19.6 Data visualisation using heatmaps
Heatmaps are one of the most versatile ways to visualise your data. In this section we’ll cover how to create a basic heatmap to visualise the most prevalent features using the sechm library. For a more detailed heatmap, please revert to this section Chapter 12 of the OMA book.
Then, let’s subset the TreeSE to the most prevalent taxa using an alternative experiment:
altExp(tse, "prevalence-subset") <- subsetByPrevalent(tse,prevalence=0.5)[1:5,]When subsetting with this function, the resulting object no longer contains the correct relative abundances because these abundances were originally calculated based on the full dataset, not the subsetted one. Therefore, we need to recalculate the values to reflect the subset accurately. For the sake of readability, we’ll also subset to the first five taxa after the initial subset.

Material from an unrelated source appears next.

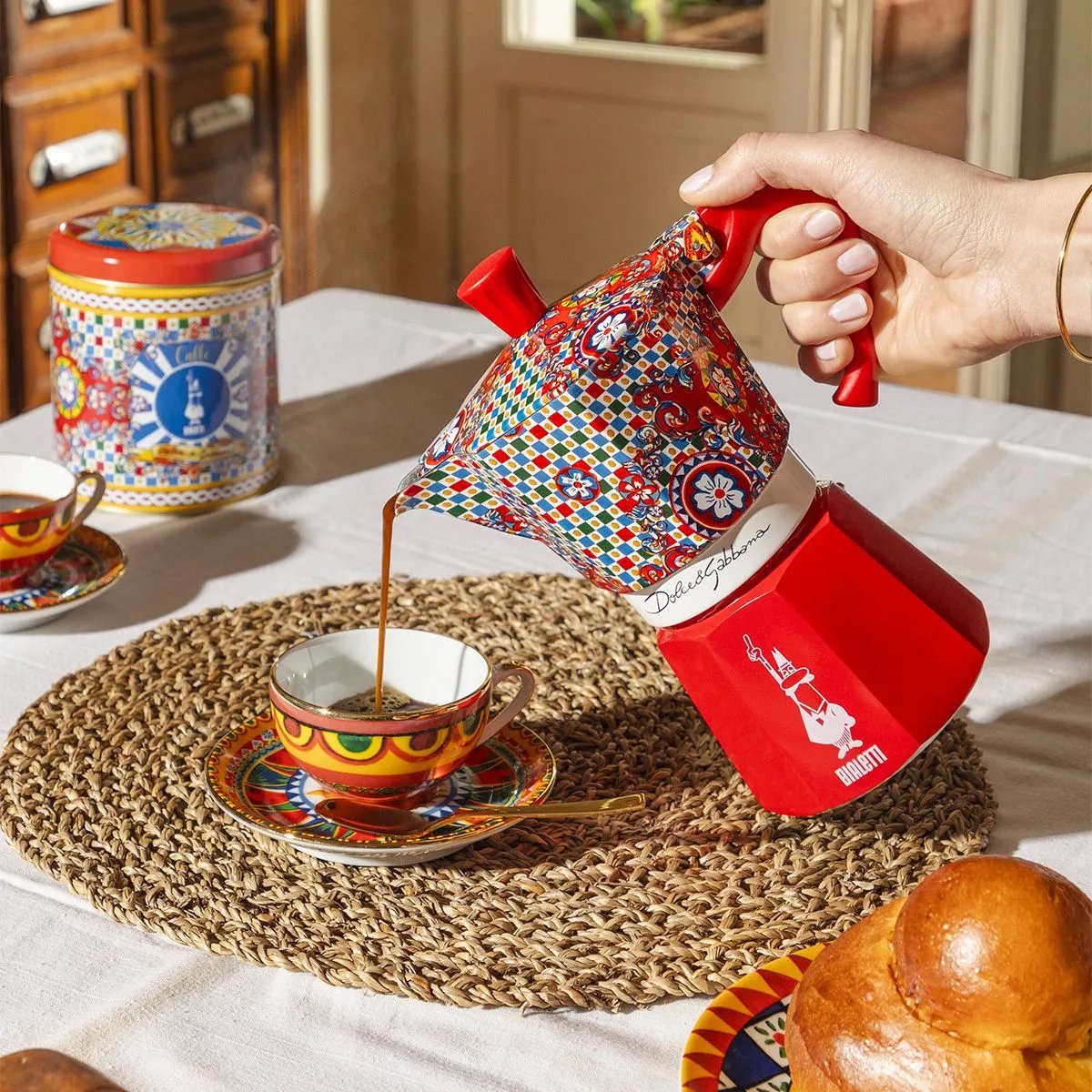 Bialetti Dolce Gabbana Moka Express Sicilian Cart Moka Pot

altExp(tse, "prevalence-subset") <- transformAssay(altExp(tse, "prevalence-subset"),
assay.type = "counts",
method = "relabundance")Now that we have prepared the data, we can use the previously loaded sechm library to plot the heatmap:
# Sets the colors
setSechmOption("hmcols", value=c("#F0F0FF","#007562"))
# Plots the actual heatmap.
sechm(altExp(tse, "prevalence-subset"), features =
rownames(rowData(altExp(tse, "prevalence-subset"))),
assayName="relabundance",show_colnames=TRUE)
In the heatmap above, it is apparent that Parabacteroides are relatively common in some samples while Akkermansia is detected very seldom.